• [Source data]:
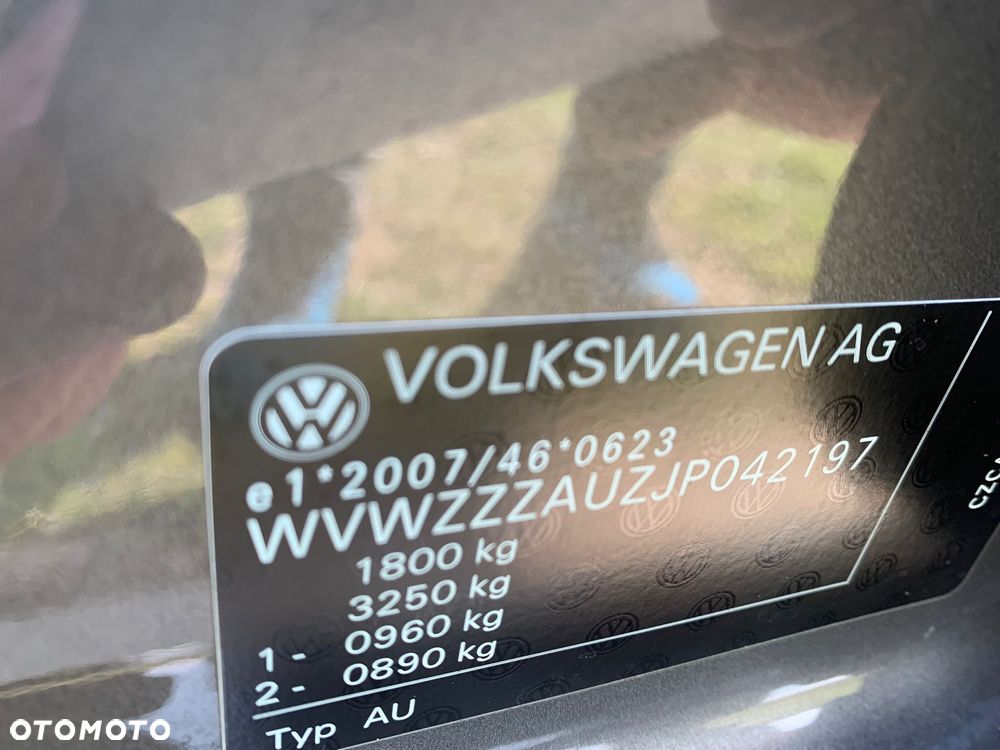 Volkswagen Golf 1.4 TSI BMT Comfortline DSG - 23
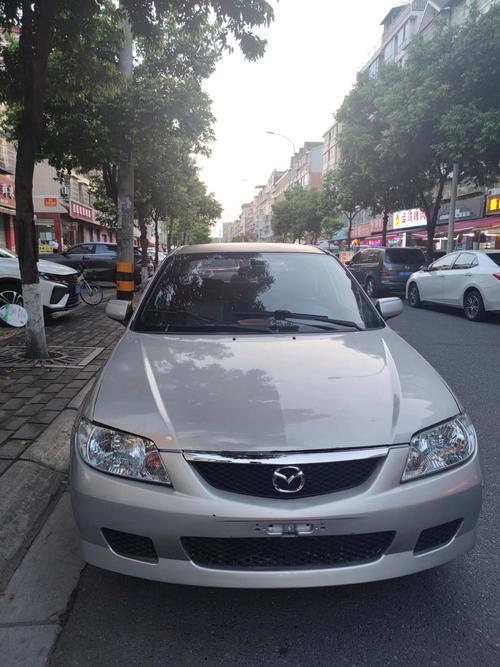 海马马自达3/海马马自达323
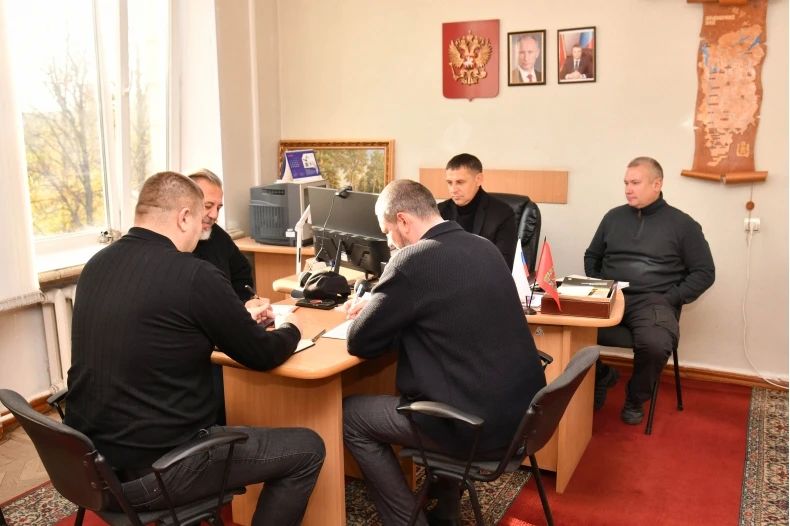 Свердловский округ сверил планы по восстановлению инфраструктуры на республиканском уровне Свердловский округ сверил планы по восстановлению инфраструктуры на республиканском уровне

• [Assigned task]:
Repeat the material exactly, without images.

• [Result of this exercise]:
 Volkswagen Golf 1.4 TSI BMT Comfortline DSG - 23
 海马马自达3/海马马自达323
 Свердловский округ сверил планы по восстановлению инфраструктуры на республиканском уровне Свердловский округ сверил планы по восстановлению инфраструктуры на республиканском уровне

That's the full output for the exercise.